═══ DATA RECORDS ═══
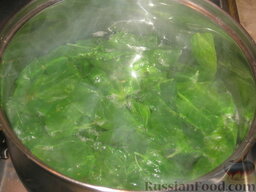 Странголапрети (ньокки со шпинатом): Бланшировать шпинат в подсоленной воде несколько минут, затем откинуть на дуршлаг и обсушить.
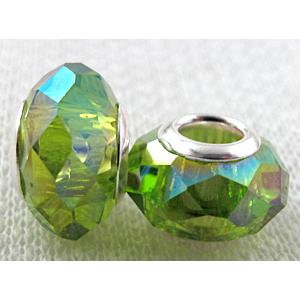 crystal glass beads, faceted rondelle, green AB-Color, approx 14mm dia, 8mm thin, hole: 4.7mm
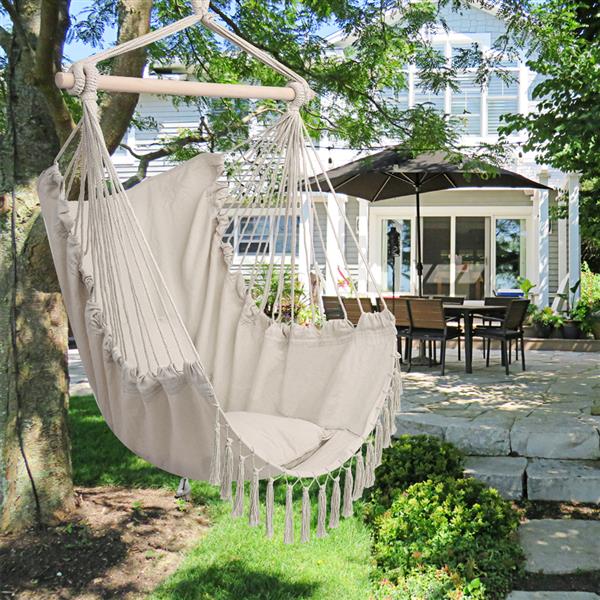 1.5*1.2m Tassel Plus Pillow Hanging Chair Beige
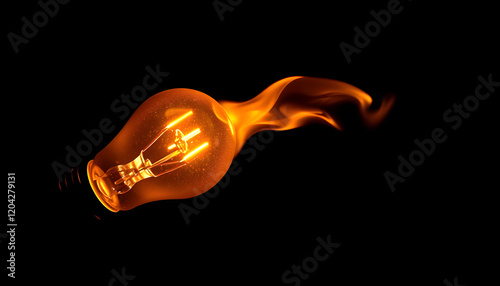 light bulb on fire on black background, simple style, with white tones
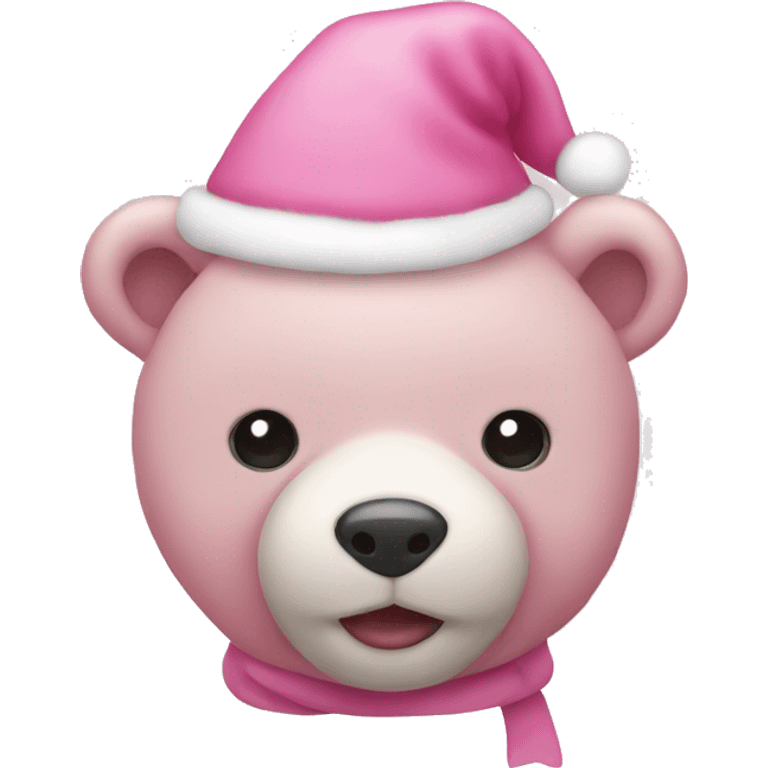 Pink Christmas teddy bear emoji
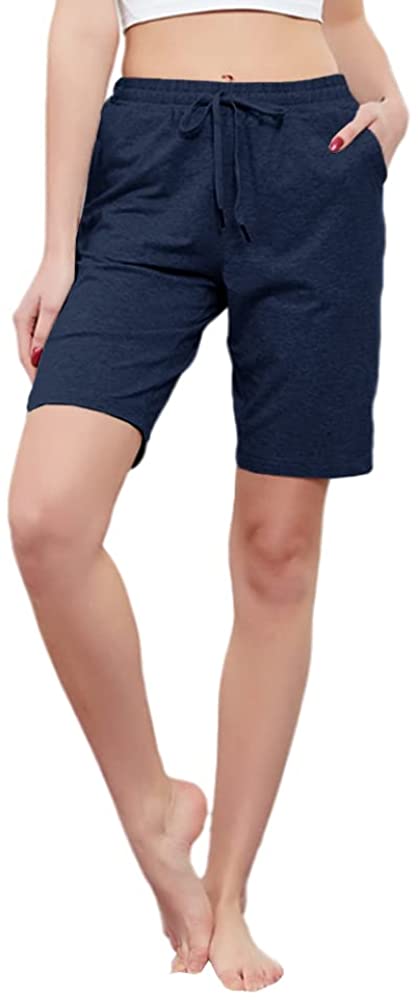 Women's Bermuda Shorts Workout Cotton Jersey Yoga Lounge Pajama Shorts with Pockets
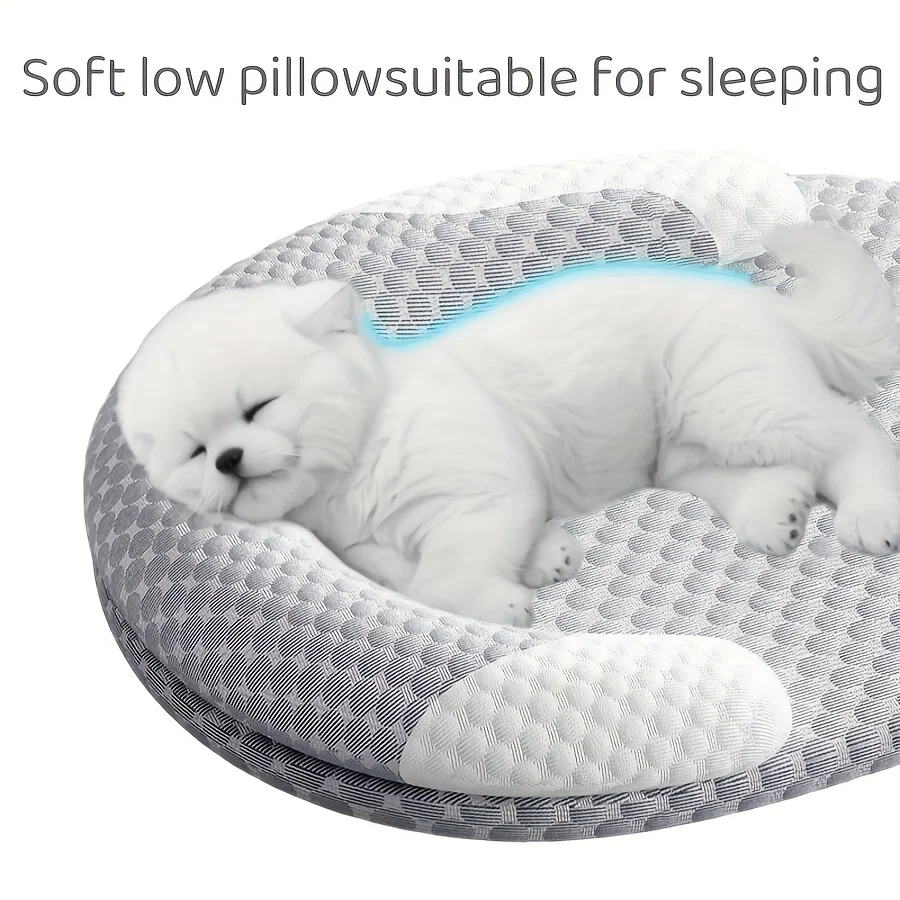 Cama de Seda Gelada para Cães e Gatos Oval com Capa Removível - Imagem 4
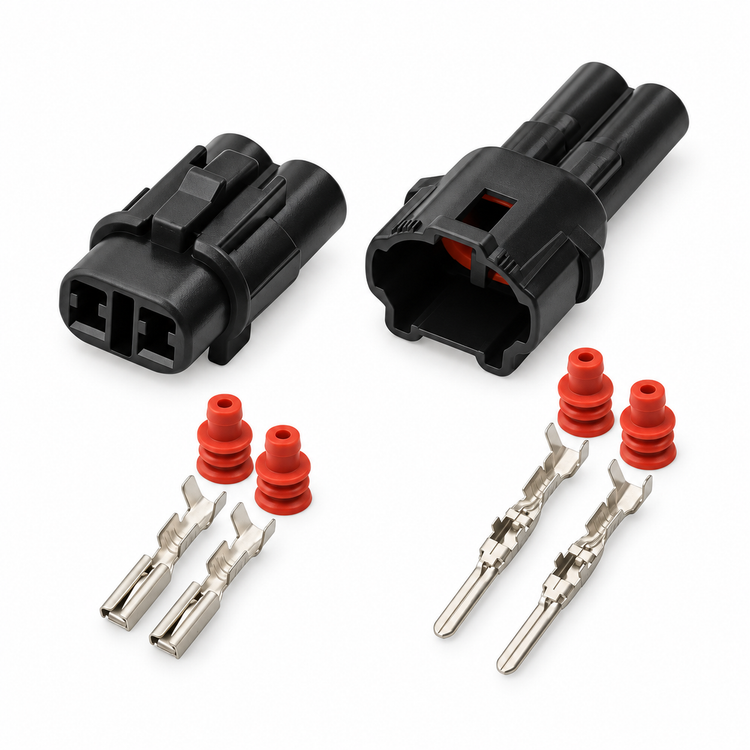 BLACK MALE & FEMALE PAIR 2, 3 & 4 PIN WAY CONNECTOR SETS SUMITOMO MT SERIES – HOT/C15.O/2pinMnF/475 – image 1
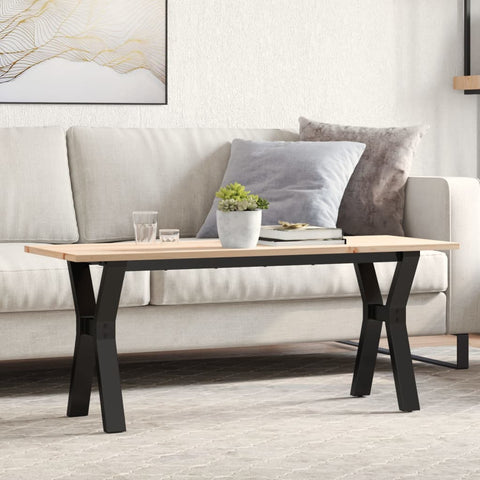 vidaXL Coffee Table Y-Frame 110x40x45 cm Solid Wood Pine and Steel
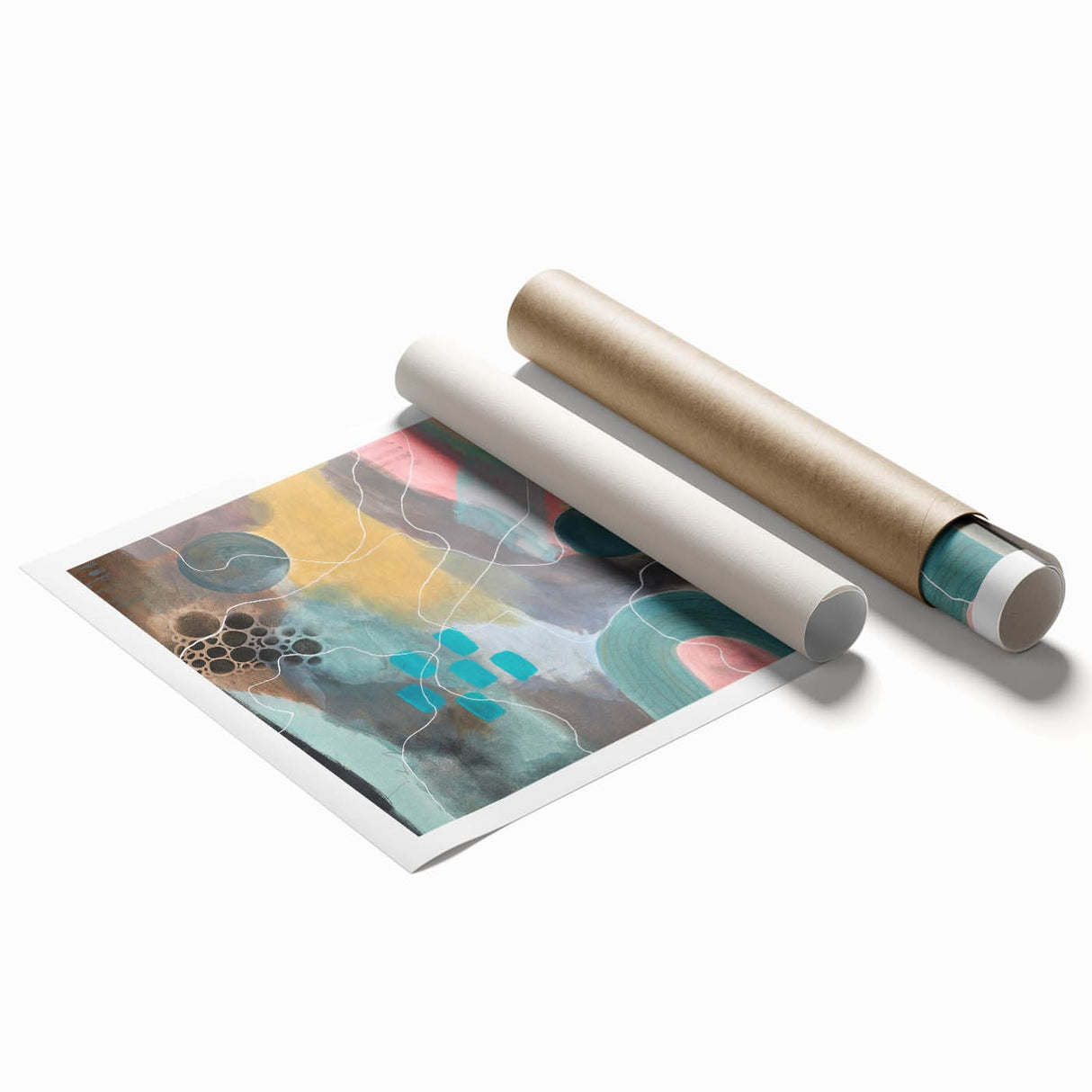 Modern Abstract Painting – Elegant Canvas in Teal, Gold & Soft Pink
═══
AIM OF THE EXERCISE ::
Please output all of the data exactly as given, omitting any images it holds.

WORKED SOLUTION ::
 Странголапрети (ньокки со шпинатом): Бланшировать шпинат в подсоленной воде несколько минут, затем откинуть на дуршлаг и обсушить.
 crystal glass beads, faceted rondelle, green AB-Color, approx 14mm dia, 8mm thin, hole: 4.7mm
 1.5*1.2m Tassel Plus Pillow Hanging Chair Beige
 light bulb on fire on black background, simple style, with white tones
 Pink Christmas teddy bear emoji
 Women's Bermuda Shorts Workout Cotton Jersey Yoga Lounge Pajama Shorts with Pockets
 Cama de Seda Gelada para Cães e Gatos Oval com Capa Removível - Imagem 4
 BLACK MALE & FEMALE PAIR 2, 3 & 4 PIN WAY CONNECTOR SETS SUMITOMO MT SERIES – HOT/C15.O/2pinMnF/475 – image 1
 vidaXL Coffee Table Y-Frame 110x40x45 cm Solid Wood Pine and Steel
 Modern Abstract Painting – Elegant Canvas in Teal, Gold & Soft Pink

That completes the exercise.